Bab 19

660 166 43
                                    


"Rasa ice cream vanilla, iya kan?" Yunho memeluk Jaejoong seraya menonton televisi, tapi entahlah nampaknya televisilah yang sedang menonton romance pasangan kekasih yang berbagi kecupan beberapa saat lalu.

"Ice cream vanilla? Tidak, rasa tembakau!" protes Jaejoong dan mengerucutkan bibirnya yang bengkak. Ya, bibir bengkak karena praktek ciuman mereka, namun Jaejoong senang karena itu.

Saat ini mereka sedang membahas rasa dari ciuman barusan. Yunho menggoda Jaejoong dengan mengatakan ciuman mereka rasa ice cream vanilla. Ia tertawa karena nampaknya kekasihnya tidak setuju dengan gagasannya.

"Bagiku rasa ice cream vanilla, aah rasa permen karet juga, dan—"

"Tembakau, rasanya tembakau!" sela Jaejoong dan ia menyamankan kepalanya yang ada di dada Yunho, dan wajahnya berseri karena senang.

"Tapi kau suka, kenapa tidak menolak kalau itu rasa tembakau? Aku pasti akan memakan ice cream vanilla agar kau suka," Yunho menahan tawanya, ia membelai lengan Jaejoong dengan penuh sayang.

"Karena itu kau, aku takut kau tidak mau menciumku lagi jika aku menolak," Jaejoong mendongak dan ia tersenyum manis.

"Jika aku tidak menciummu lebih dahulu, kau bisa menciumku lebih dahulu, sekarang kau kah sudah ahli dalam hal berciuman," lagi, ia menggoda Jaejoong dan wanita itu mencubit pinggangnya. Ia sedikit mengaduh dan terkekeh.

"Menyebalkan sekali, aku belajar untukmu. Lagi pula, aku ingin dicium olehmu, uugh," gumam Jaejoong, namun jelas ini terdengar dengan baik oleh Yunho.

Yunho menggeleng pelan, ia mendapatkan kekasih yang polos bagai remaja. Tapi, ia juga tidak akan bertindak jauh. Ia masih memegang teguh bahwa tidak akan melakukan seks sebelum menikah. Jadi, ia tidak akan ke arah sana dengan Jaejoong atau siapapun.

"Kau manis sekali, seperti lolipop," bisik Yunho dan seketika Jaejoong tersenyum malu. Ia memeluk erat Jaejoong dan mengecup puncak kepalanya.

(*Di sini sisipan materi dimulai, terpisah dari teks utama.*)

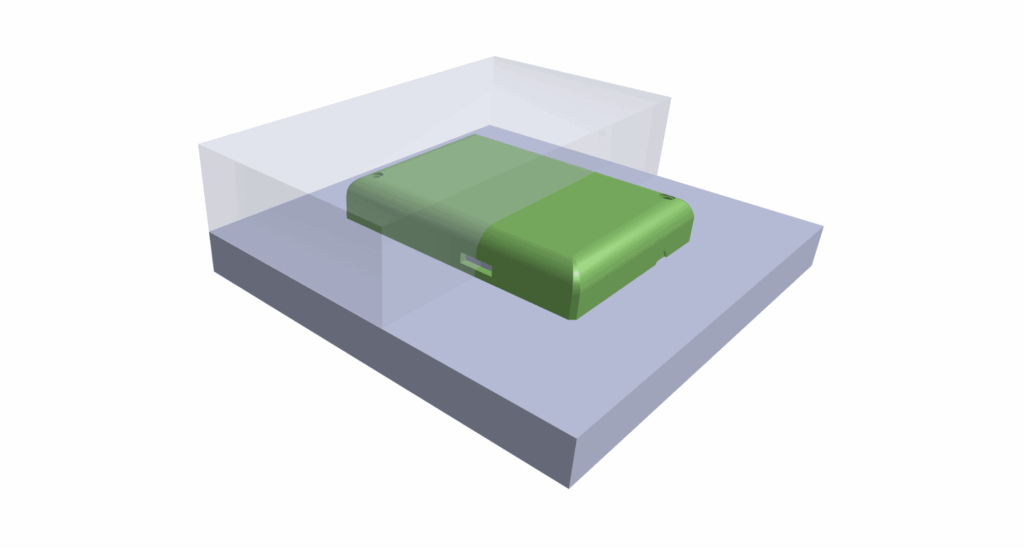 A green rectangular object, created using prototyping injection moldings, is placed inside a transparent, box-like enclosure on a gray platform.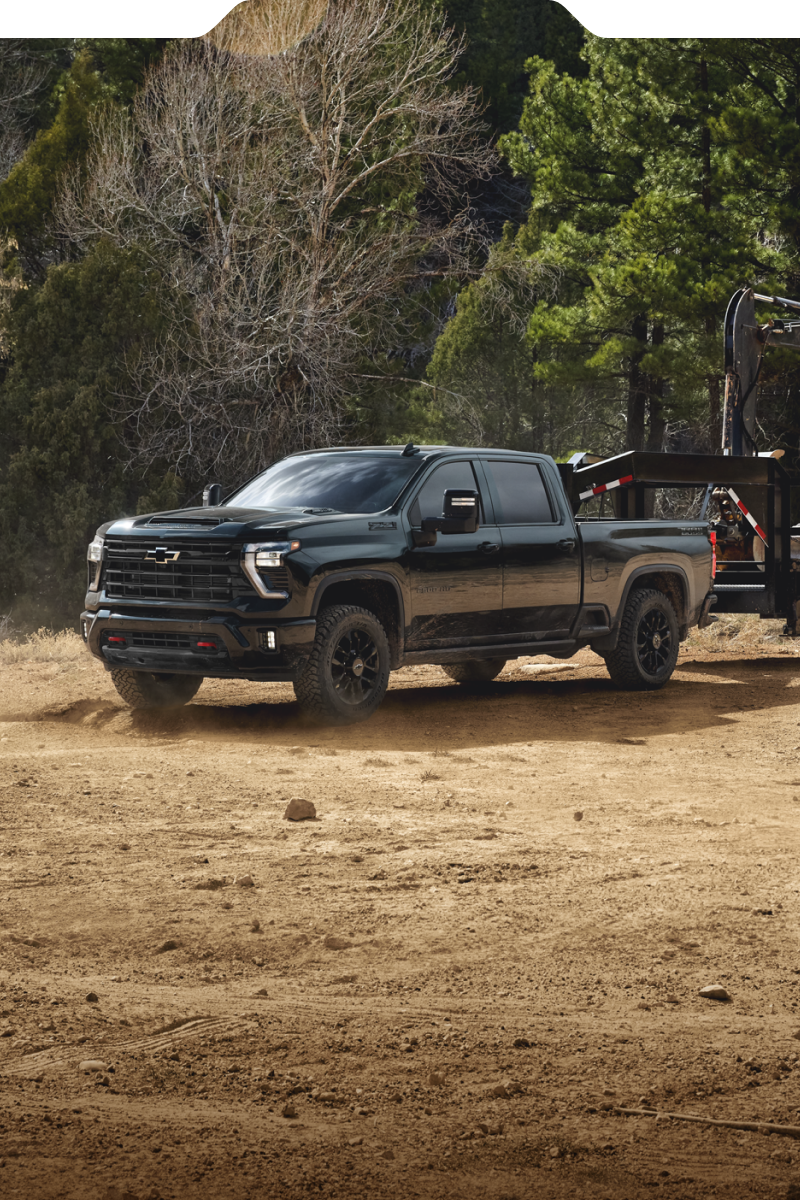 Le nouveau camion Chevrolet Silverado HD 2027 remorque une remorque à plateau transportant une pelle compacte à travers un chantier poussiéreux.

Kekesalannya kepada sang kakek, rasanya sudah menguap dengan baik karena wanita ini. Jaejoong bahkan tidak menyalahkan dan menasihatinya. Ia merasa beruntung memiliki Jaejoong sebagai kekasih serta mitra.

.
.
.

Yunho terperangah melihat lusinan jas, kemeja, celana serta dasi yang ada di depannya sekarang. Ia menatap Jaejoong yang berpakain sudah rapi dan tercengang kembali kala melihat hanger yang ada di depannya. Ia menggaruk kepalanya sejenak, kemudian bertanya kepada kekasihnya.

"Mengapa ada banyak lusinan stelan suit? Ini milik siapa?" jujur ia curiga, mengapa ada sebanyak ini Jaejoong menyimpan stelan suit.

"Aku meminta Irene membeli semua pakaian ini kemarin, semua sesuai ukuranmu, aku meminta asisten rumah tangga mengecek ukurannya saat mereka memungut pakaian kotormu," Jaejoong tersenyum, ia mendekat pada sang kekasih yang hanya memakai bathrobe. "Di dalam walk in closer ada singlet serta pakaian dalam lainnya. Aku meminta agar Irene mengurus semuanya dan pihak toko mengira-ngiranya."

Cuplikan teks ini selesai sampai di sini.